There was no official crowd estimate, although parade organizer Rita Hubbard said “there was way more than last year.”
“God loves Rhody,” Hubbard said.
“Every year, there is the 'wow' factor, which this year came from the cat loader from Port Townsend Paper. It took up the whole street,” she added.
“People came out. They showed up, and everyone is having a great time.”
It even had a poignant entry as Port Townsend High School alumni rode the parade brandishing the Redskins mascot for the last time in a Rhody Festival.
The parade began by the Port Townsend Fire Station on Lawrence Street, headed north and turned east on Monroe Street and south on Water Street.
At the parade's end, some floats turned right and parked on Washington Street while others headed straight through town giving tourists and locals an added bonus.
“The neat thing about this parade is that anything goes,” said Chimacum High School Principal Whitney Meissner.
“You don't see any particular theme. Everyone comes and is themselves.
“You see people playing dodgeball, riding bicycles and blowing bubbles,” she said, rattling off descriptions of what was in sight at the time.
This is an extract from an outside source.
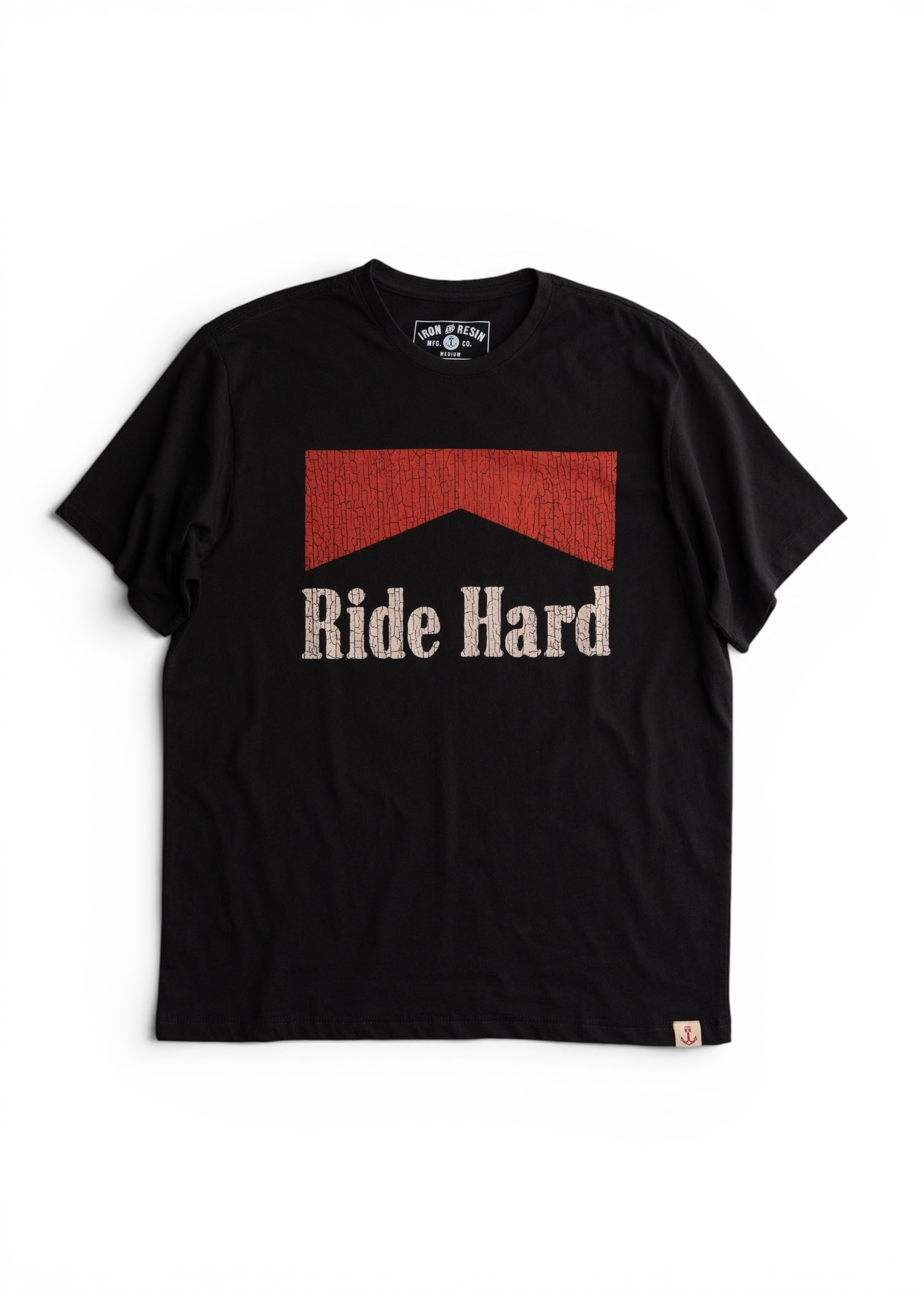 Ride Hard Tee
The parade's grand marshal was the Port Townsend Alumni Association, which paid final tribute to Port Townsend High School's retired Redskins mascot, removed because the symbol was deemed offensive to Native Americans.
The new mascot is the Redhawks.
Some long-time residents are still unhappy with the change, Redskins supporters put on a mini parade with eight cars, two motorcycles and 10 people walking,
“This is bittersweet,” said marcher Mark McCready of the sendoff.
“It's a sad situation when personal politics trumps tradition.”
At the end of the parade people gathered in Pope Marine Park for the second annual Cake Picnic where 4,000 pieces of cake were served.